O olho no fundo do copo mira a vista e a mente com turbidez. Balança no mar do líquido embriagante, em tom de tango, bem argentino, delicioso, que domina o corpo, feito um poema cantado por Zé Ramalho, um Zeca maranhense ou Alceu pernambucano e todas as suas formas diretas e metáforas para falar do simples e o complexo, do irreal e do concreto.
É a felicidade do abano do rabo do cão que sorri na porta de casa ou na feira livre, como a água límpida de um córrego, que canta por estar feliz, segue suave, fria, sem se preocupar com o adiante, só deseja que o fim, aquele novo recomeço, seja um beijo salgado, um novo abraço.
Na taça, bebida musicalmente servida pela mente brilhante de Chico César, fruto fértil de Catolé do Rocha, fala à alma, ao estômago e aos pelos do corpo. O lago formado pelo copo foi lançado pelo tiro certeiro do olhar e atinge as luzes e cervejas verdes de um santo distante e já tão próximo.
Em breve, o cigarro dará acesso através da fumaça para desbravar fronteiras e experimentar aldeias de puro amor que nunca queima até o último trago, que sempre está aceso no peito. Tudo já combinado, mãos ao alto, brinde e mergulho na piscina de sorrisos em uma cortina de fumaça tornada permanente na memória do coração.
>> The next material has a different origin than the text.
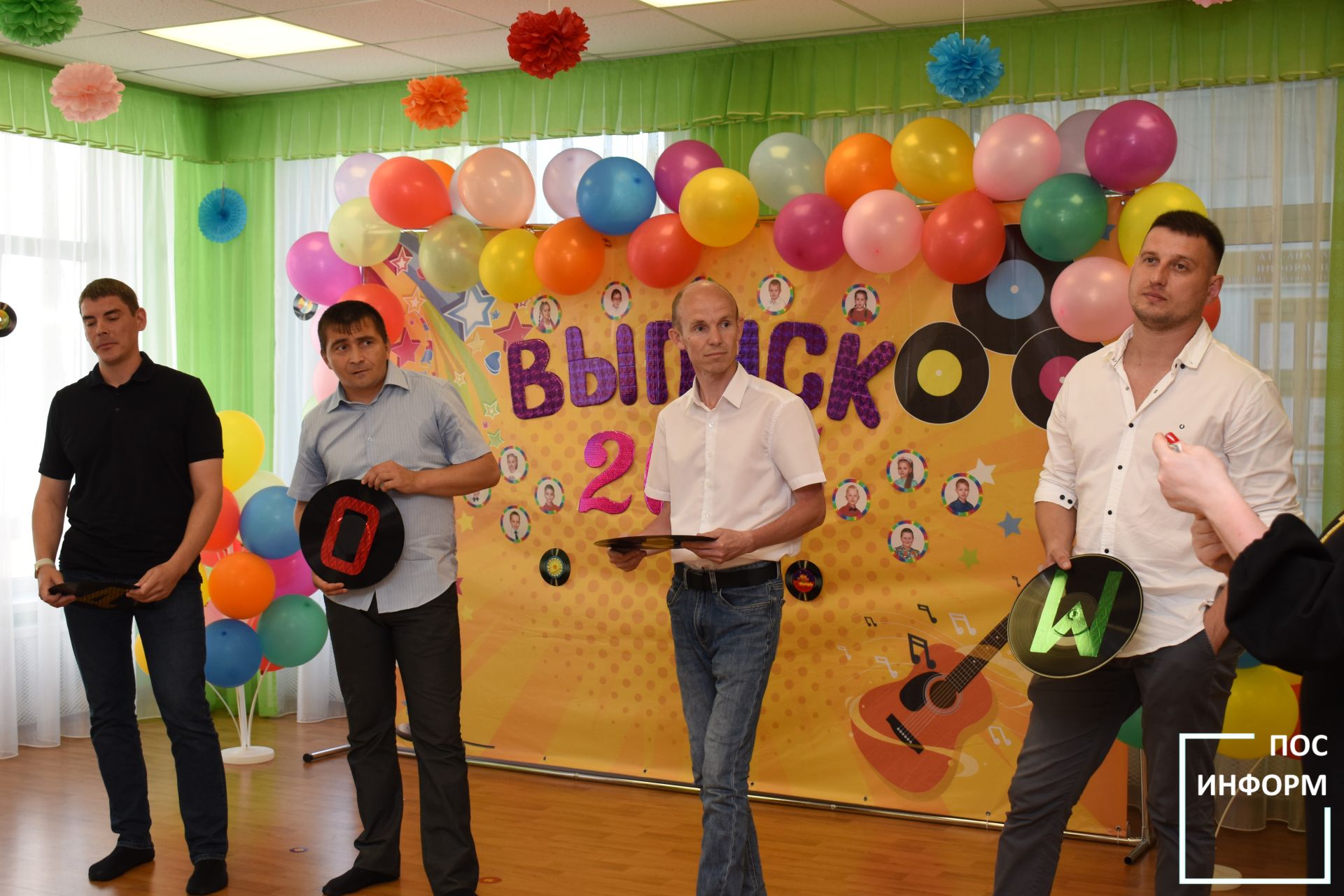 В детском саду «Огонек» Камских Полян начались выпускные утренники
A taça segue meia cheia, meia vazia, totalmente revertida em imagens e sons. E de um novo gole surge seres oceânicos de dentro das cabeças titânicas de cada monstro individual. A melhor forma é a do corredor praieiro ou do levemente embriagado sonhador da tintura do vinho, quando o chão anota todas as escrituras de despojos das guerras diárias ou as poses pequenas e impenetráveis após o suspiro último.
Nos rótulos, mil procedências, passaportes, identidades... Chile, Portugal, Argentina, Itália... Misturas de teores, histórias, sorrisos e embriaguez. A música segue e sai de tantas vozes, abraços, leituras, ritos. Pelo vinho, a certeza jamais estará 100% certa, apenas altamente provável, até que a concretização seja cimentada e o acreditar total será passado confirmado.
Imunizam as nossas limitantes razoabilidades para fazer crescer todas as probabilidades atonteadas pelo efeito inebriante. O vinho agora é rubro, marcante, feito um X na resposta preferida, pois a certeza é uma incógnita, sempre questionável e há o risco de se seguir irreal. Assim como o céu, que ora é azul, cinza e por tantas vezes negro, a vida balança no veleiro sobre as ondas, levado por gosto de correntes sem elos e ventos alheios. Balança a taça, gira a cabeça, tremula a bandeira durante a invasão embriagante.
De repente, quem sabe, já é hora de abrir uma nova garrafa, confirmar que a safra é de uma boa linhagem e permitir-se penetrar no amargor da uva, aceitar a doçura da alma, seguir a corrente da água agarrado à esperança de que a próxima curva trará sorrisos mesmo turvos. Se vier a suave embriaguez, que beijemos o irmão de alma, sigamos pelo rio de doce caminhada.